**EXERCISE DESCRIPTION**
Copy exactly the lines of the material below that run from the one containing "Hushpuppi Reveals Hush10" through the one containing "Bupati Serang Dorong". Copy no other lines.

**DATA EXTRACT**
● ● ●
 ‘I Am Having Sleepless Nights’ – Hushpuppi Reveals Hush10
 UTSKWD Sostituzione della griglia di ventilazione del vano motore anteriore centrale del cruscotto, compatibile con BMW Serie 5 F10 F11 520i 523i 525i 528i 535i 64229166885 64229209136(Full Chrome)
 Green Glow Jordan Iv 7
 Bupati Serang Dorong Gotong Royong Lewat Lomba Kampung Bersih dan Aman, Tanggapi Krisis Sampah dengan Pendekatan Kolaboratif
● ● ●
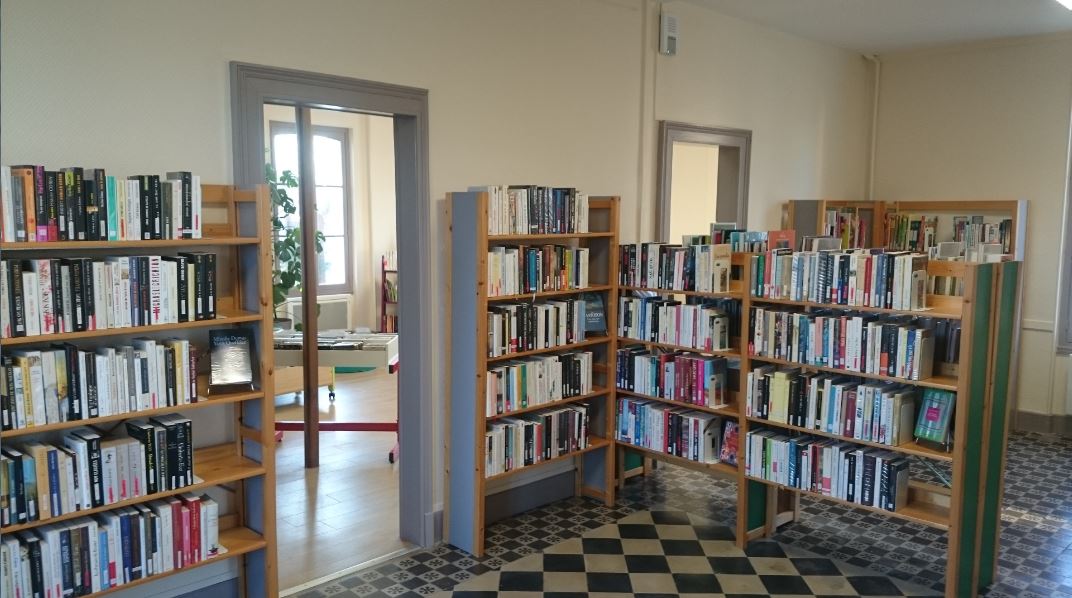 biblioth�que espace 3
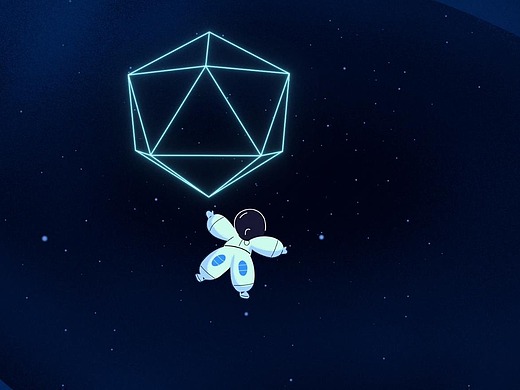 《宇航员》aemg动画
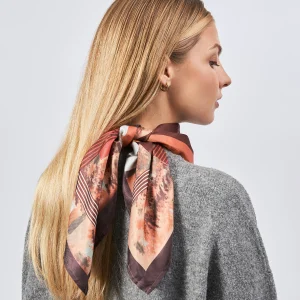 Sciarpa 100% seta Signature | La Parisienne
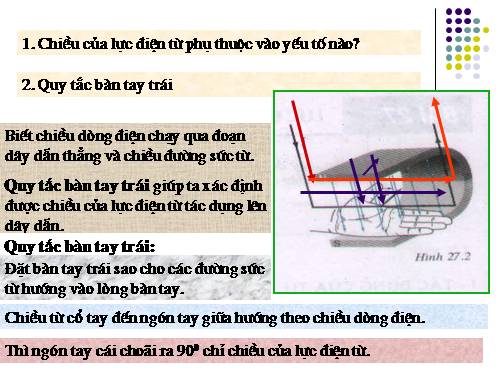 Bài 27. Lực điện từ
● ● ●
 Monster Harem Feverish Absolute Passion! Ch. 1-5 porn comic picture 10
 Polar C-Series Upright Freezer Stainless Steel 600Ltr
● ● ●
**PROBLEM SOLUTION**
 ‘I Am Having Sleepless Nights’ – Hushpuppi Reveals Hush10
 UTSKWD Sostituzione della griglia di ventilazione del vano motore anteriore centrale del cruscotto, compatibile con BMW Serie 5 F10 F11 520i 523i 525i 528i 535i 64229166885 64229209136(Full Chrome)
 Green Glow Jordan Iv 7
 Bupati Serang Dorong Gotong Royong Lewat Lomba Kampung Bersih dan Aman, Tanggapi Krisis Sampah dengan Pendekatan Kolaboratif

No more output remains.